DATA IN THIS EXERCISE: Begin
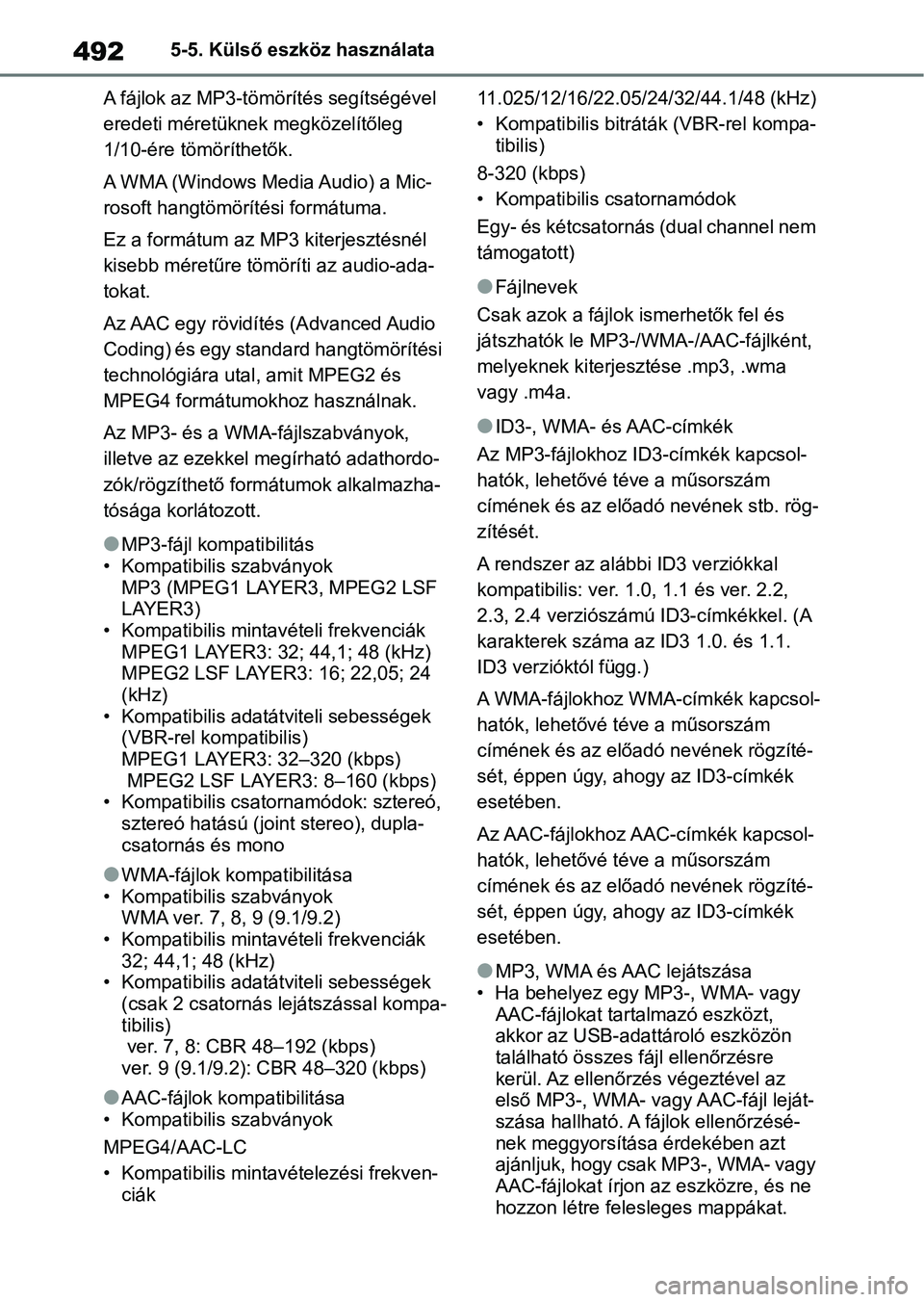 TOYOTA RAV4 2018  Kezelési útmutató (in Hungarian) 4925-5. Külső eszköz használata
A fájlok az MP3-tömörítés segítségével 
eredeti méretüknek megközelítőleg 
1/10-ére tömö ríthetők.
A WMA (Windows Media Audio) a Mic-
rosoft hangt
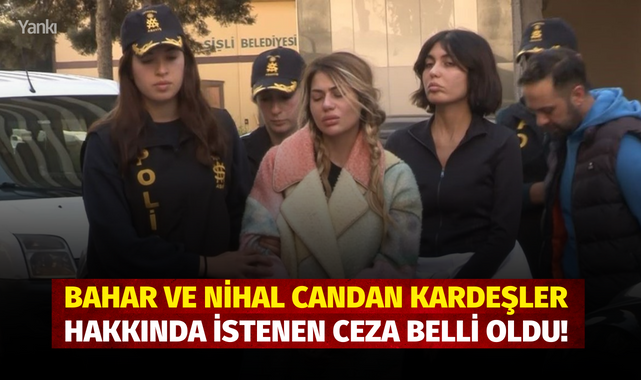 Bahar ve Nihal Candan kardeşler hakkında istenen ceza belli oldu!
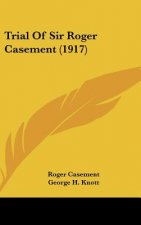 Trial Of Sir Roger Casement (1917)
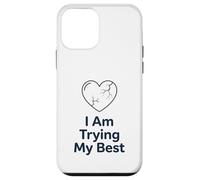 Carcasa para iPhone 12 Mini I Am Trying My Best T-Shirt | Apoyo Positivo para la Salud Mental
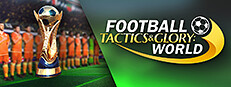 Football, Tactics & Glory: World Banner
DATA IN THIS EXERCISE: End
### EXERCISE BRIEF
Word for word, print the material above, but without its pictures.

### OUTPUT OF THE EXERCISE
 TOYOTA RAV4 2018  Kezelési útmutató (in Hungarian) 4925-5. Külső eszköz használata
A fájlok az MP3-tömörítés segítségével 
eredeti méretüknek megközelítőleg 
1/10-ére tömö ríthetők.
A WMA (Windows Media Audio) a Mic-
rosoft hangt
 Bahar ve Nihal Candan kardeşler hakkında istenen ceza belli oldu!
 Trial Of Sir Roger Casement (1917)
 Carcasa para iPhone 12 Mini I Am Trying My Best T-Shirt | Apoyo Positivo para la Salud Mental
 Football, Tactics & Glory: World Banner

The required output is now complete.